## TRY IT
An image-free reproduction of the data below is needed: print it exactly.

## INFORMATION SHOWN
__________
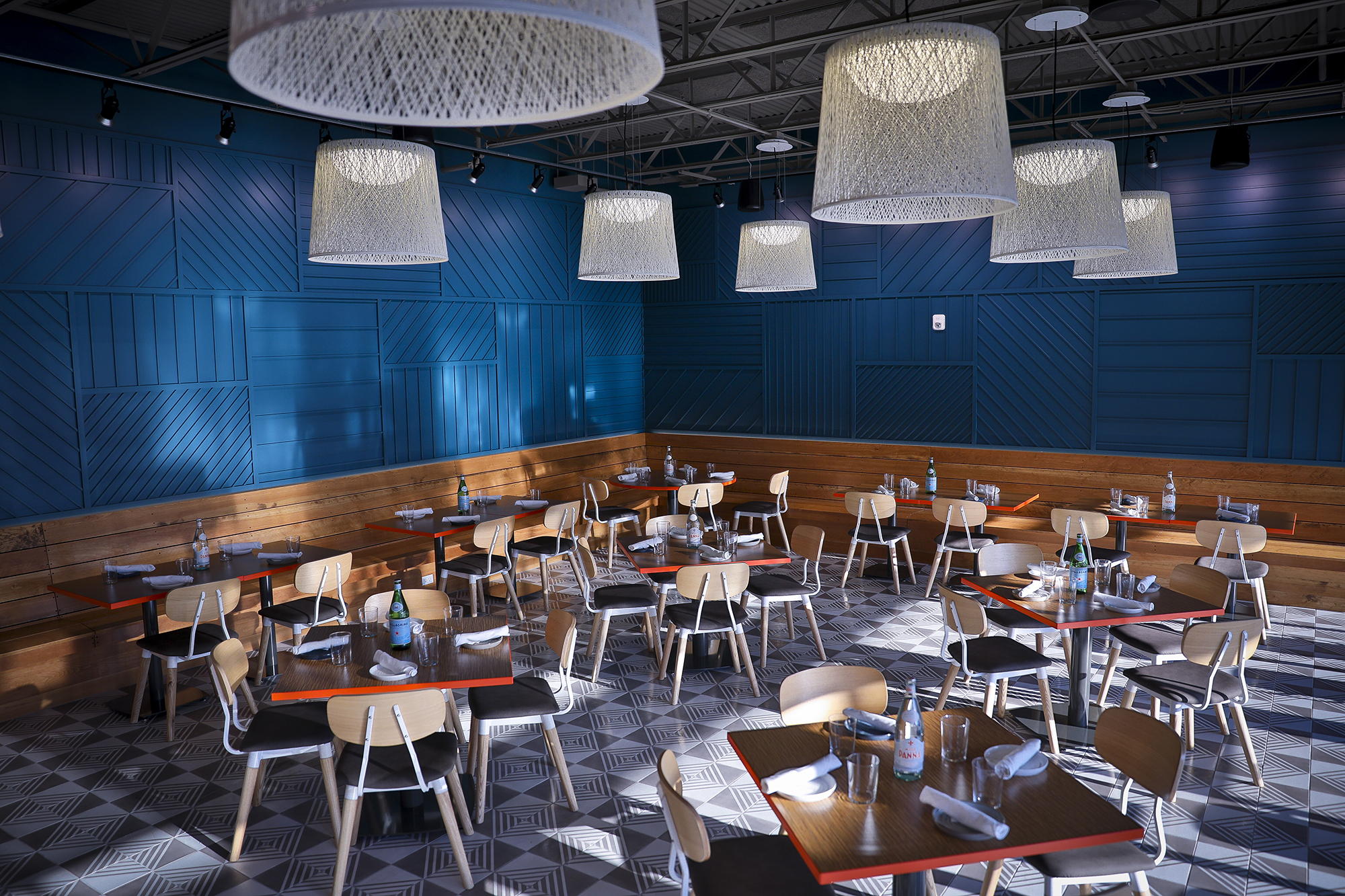 LMAD-EV-EDK-interiors-1-web 1.jpg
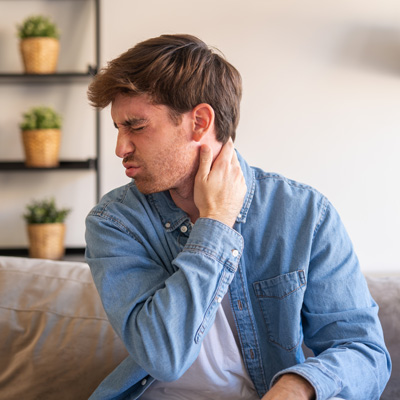 can a chiropractor help with whiplash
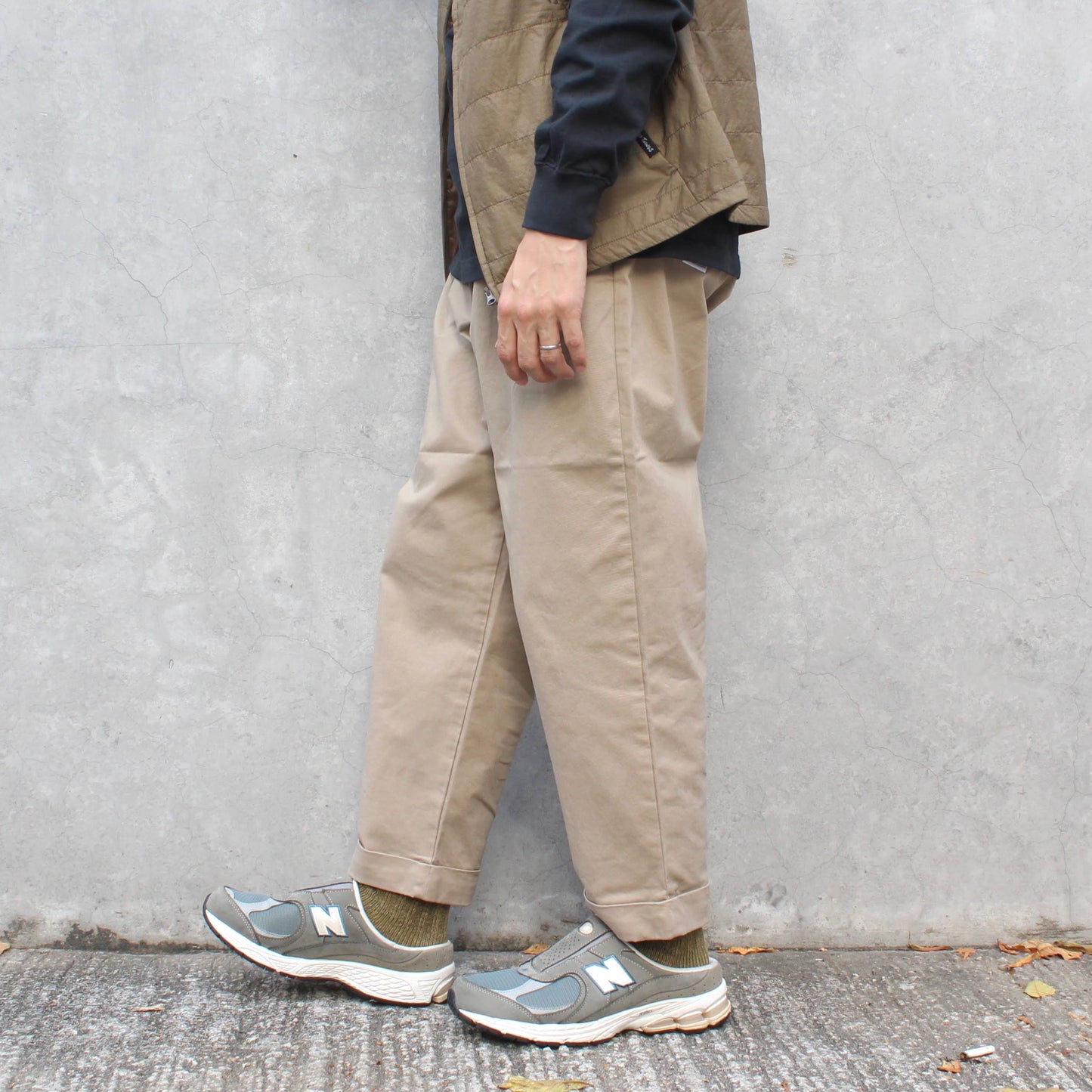 WILD THINGS JAPAN - 2 TUCK FRENCH CHINO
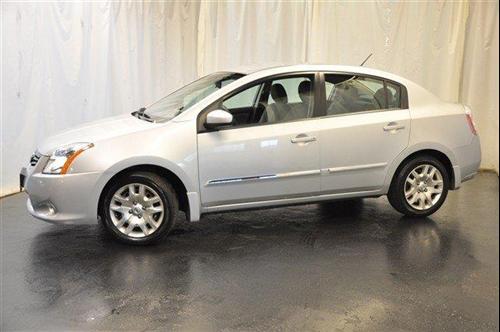 Nissan Sentra 2010 photo 2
__________
## TASK RESPONSE
 LMAD-EV-EDK-interiors-1-web 1.jpg
 can a chiropractor help with whiplash
 WILD THINGS JAPAN - 2 TUCK FRENCH CHINO
 Nissan Sentra 2010 photo 2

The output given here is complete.